▶ **Exercise instructions**: Give the listing again word for word. Skip the pictures.

### Given data

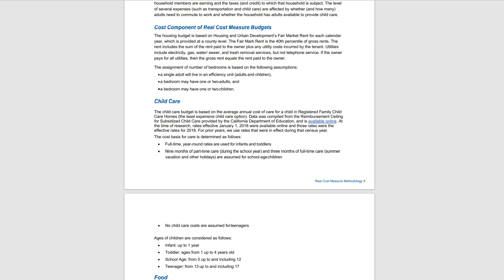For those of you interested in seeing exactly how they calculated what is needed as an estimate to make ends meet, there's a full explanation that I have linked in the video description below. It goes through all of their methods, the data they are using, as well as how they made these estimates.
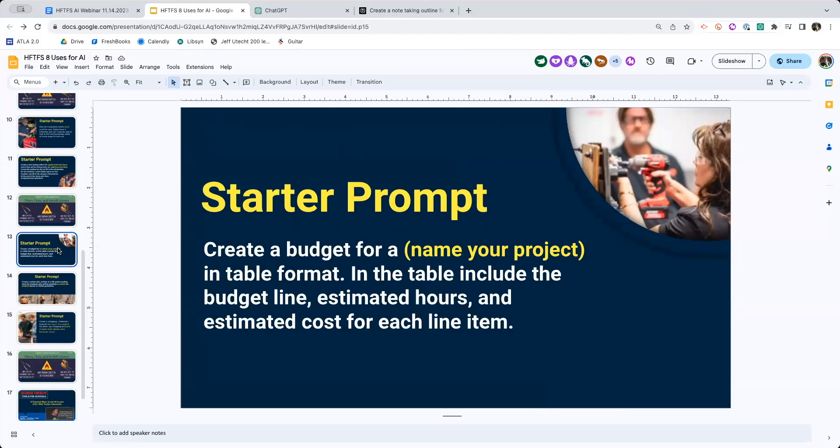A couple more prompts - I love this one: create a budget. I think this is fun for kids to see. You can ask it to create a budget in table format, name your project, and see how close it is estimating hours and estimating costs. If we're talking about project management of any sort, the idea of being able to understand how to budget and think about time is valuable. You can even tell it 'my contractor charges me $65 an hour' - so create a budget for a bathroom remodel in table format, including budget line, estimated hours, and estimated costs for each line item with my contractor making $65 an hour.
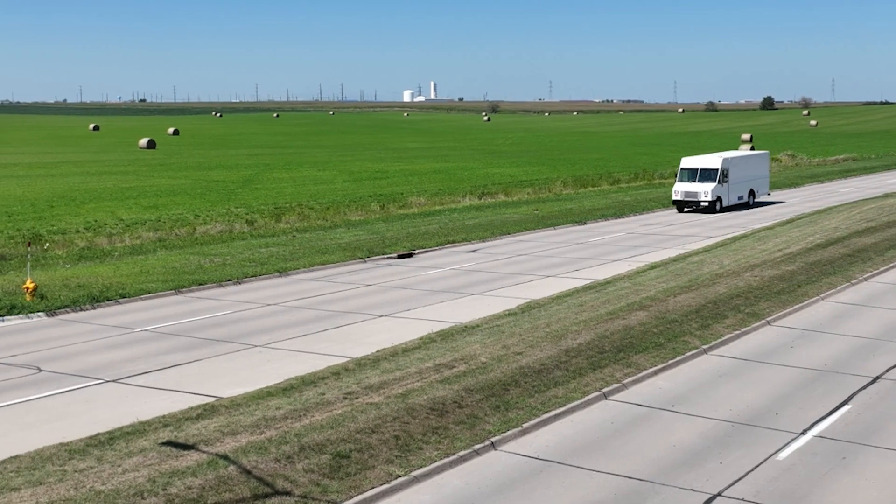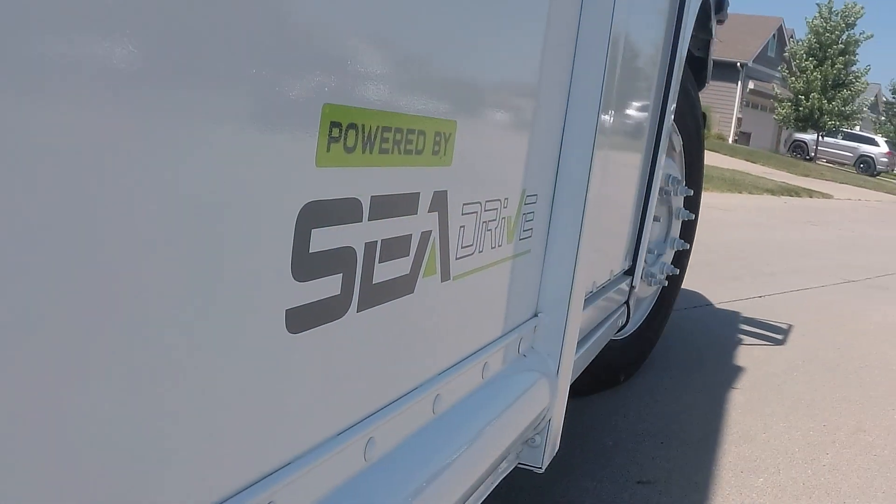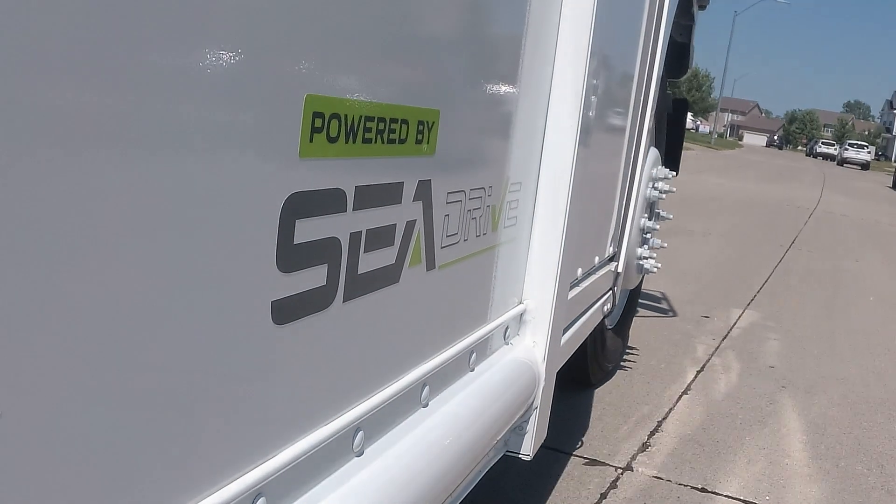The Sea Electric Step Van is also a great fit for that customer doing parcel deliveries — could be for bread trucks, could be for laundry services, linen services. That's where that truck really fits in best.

######

▶ **Response area**:
For those of you interested in seeing exactly how they calculated what is needed as an estimate to make ends meet, there's a full explanation that I have linked in the video description below. It goes through all of their methods, the data they are using, as well as how they made these estimates.
A couple more prompts - I love this one: create a budget. I think this is fun for kids to see. You can ask it to create a budget in table format, name your project, and see how close it is estimating hours and estimating costs. If we're talking about project management of any sort, the idea of being able to understand how to budget and think about time is valuable. You can even tell it 'my contractor charges me $65 an hour' - so create a budget for a bathroom remodel in table format, including budget line, estimated hours, and estimated costs for each line item with my contractor making $65 an hour.
The Sea Electric Step Van is also a great fit for that customer doing parcel deliveries — could be for bread trucks, could be for laundry services, linen services. That's where that truck really fits in best.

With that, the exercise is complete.